I'm able to buttonhole Steve Moore (who's both the Club for Growth's head and a Cato senior fellow) for a few minutes after the "Future Stars" event. I observe that even if the president can fulfill his promise to "cut the deficit in half in five years," as the Office of Management and Budget proudly projects, OMB and CBO both use current law, under which Bush's tax cuts expire, to make their projections. If they're made permanent, those massive deficits come right back in year six and keep growing… even before taking into account the Baby Boomer retirement cash-vortex. In light of all that, I ask, should CFG maybe stop making tax cuts their priority and emphasize spending reduction? Moore is adamant:
Absolutely not. Cato's stuff is completely wrong on this. [Me: What's that?] This stupid paper Cato put out; it was on the cover of Regulation. It said that lower taxes reduce the felt cost of expanding government. And evidence shows clearly that cutting taxes keeps spending down. If we can't cut spending, we should cut taxes; all the data for forty years make clear that tax cuts lead to future reductions in government. And tax cuts do also increase growth. The left isn't stupid about this; they understand better than some of the libertarians. If they thought that tax cuts increased the size of government, they'd be in favor of it.
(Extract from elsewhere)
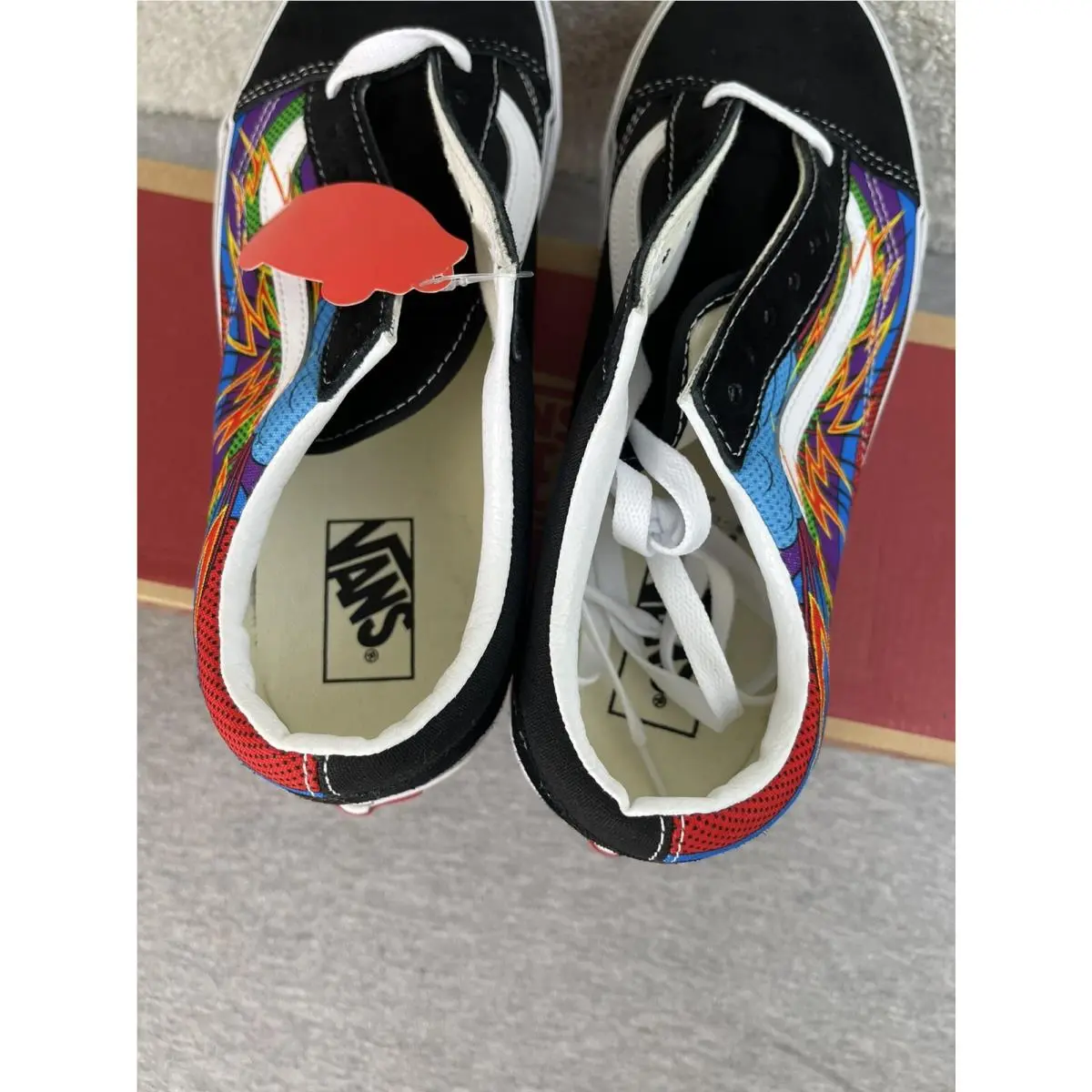 Vans shoes - Vans Old - Old - Multicolor (UPC: 196244808110) 3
Now, my own impression had been that the data are more mixed than that, and the author of the article in question isn't exactly a lightweight in this field, but I'm in no position—yet—to figure out who's got the best case. But libertarians and conservatives will soon have to figure out whether "starving the beast" is a strategy that works, or just a rationalization for letting the beast feed on our kids.